そして私は、この平和会館の展示もそうですし、メディアで紹介される特攻隊の話などで少し違和感を感じることもあります。それは死亡率100%の明らかに無謀な特攻作戦を、美しい物語として神格化した表現をしている部分もあるところです。
リアルにイメージをすれば、特攻作戦に参加したくないと本音では思っていた若者もいっぱいいたはず。
遺言書に書かれている内容も、家族のため、国のためと素晴らしい言葉がたくさん並んでいますが、ここに展示されているのは一部の立派な若者の生き様だけで、実際は全員が全員、そんなはずはないんじゃないかなぁと思ったり。
もうこの作戦に実際に参加した人たちはほとんど残っていないので、本当のところはわかりませんが、ただ単に特攻隊として国のために頑張った若者たちがいたということが凄いとだけ表面的に見て終わるのではなくて、実際にその世界にいた人たちはどんな状況でどんな思いだったのかを自分の頭でリアルに想像することは大事かなって思いました。
それは世の中の出来事全てに言えることだと思いますが、物事を国や大きな組織から一方的に発信させられる都合のいい情報だけを信じて判断するようになってしまうと、将来、また同じ過ちを繰り返すような気もします。

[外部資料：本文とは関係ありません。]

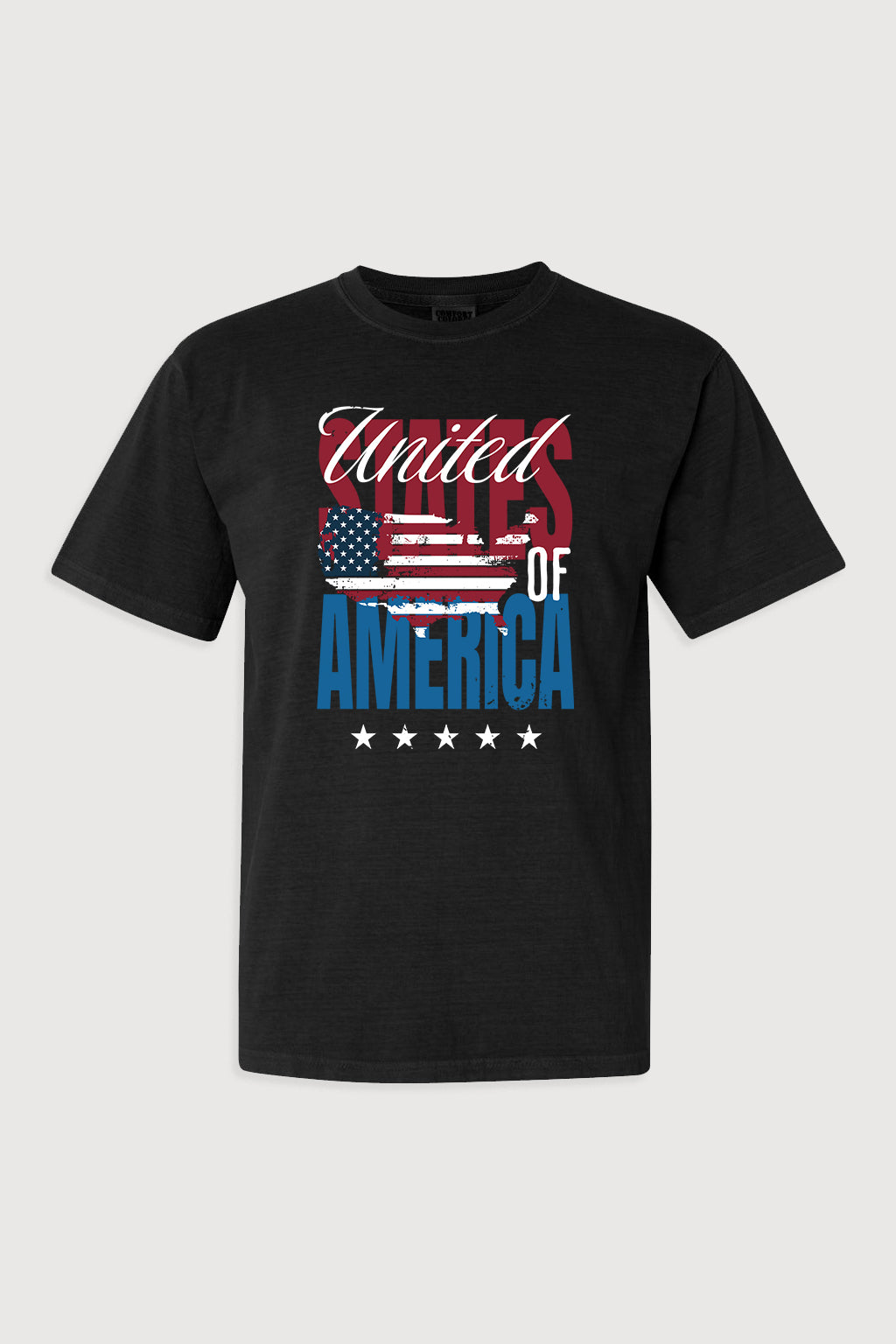 Unisex Garment-Dyed Heavyweight T-Shirt Black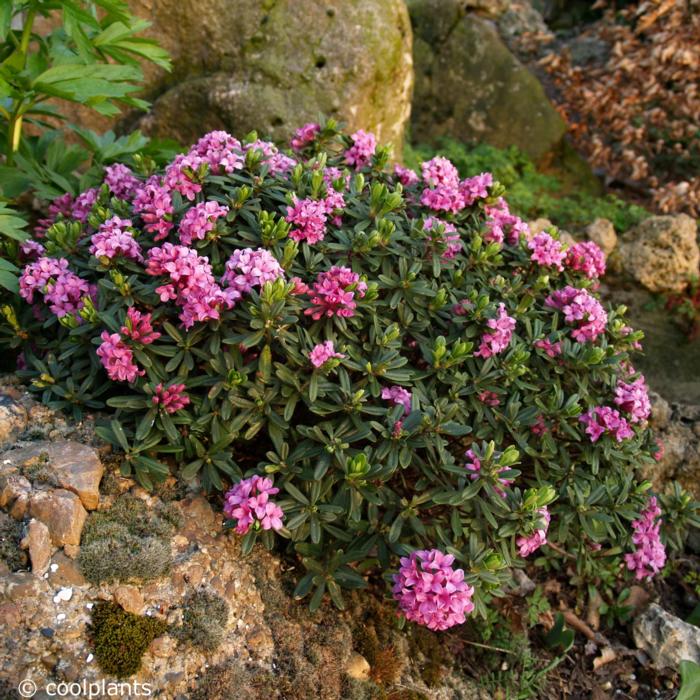 Daphne x susannae 'Anton Fahndrich' plant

ですから、物事をどちらか片方の側面だけを見て、判断するのではなく、各出来事に必ず存在する「表と裏」を必ずイメージをして、意識していくこと、これは今後の事業経営、そして自分自身の人生を生きる中でも大切にしていかなくてはならないと強く感じました。
そしてそうは思いながらも、やはりここに展示されている若者の姿、生き様には感銘を受けるところもたくさんあります。
今目の前にある私たちの今の平穏な生活は、こうした若者たちの犠牲の上にあるということが事実であることは間違いありません。
先人への感謝の気持ちと、彼らが経験してきた大変な思いを、これからの未来の世代には二度とさせることのないように、私たちのようなまだまだ世の中においては若い世代が中心となって、今の社会をいい方向へと導いていく意識をもつことが必要なのかなと思います。
【写真は復元された三角兵舎】
空襲を避けるため飛行場から少し離れた松林の中に造られた半地下式木造のバラック建ての建物です。
屋根には偽装用の幼木をのせていました。ここで特攻隊員たちは出撃までの数日間を過ごしたとのことです。
特攻平和会館を見学後は、敷地内にある「隼ラーメン」でラーメンをいただきました!
今日は知覧に来て、改めて自分がこれからの人生を歩んでいくためのパワーと、そして日本人としての覚悟を、当時の若者たちから貰った気がします。
息子がもう少し大きくなったら、一緒に再訪したいと思います。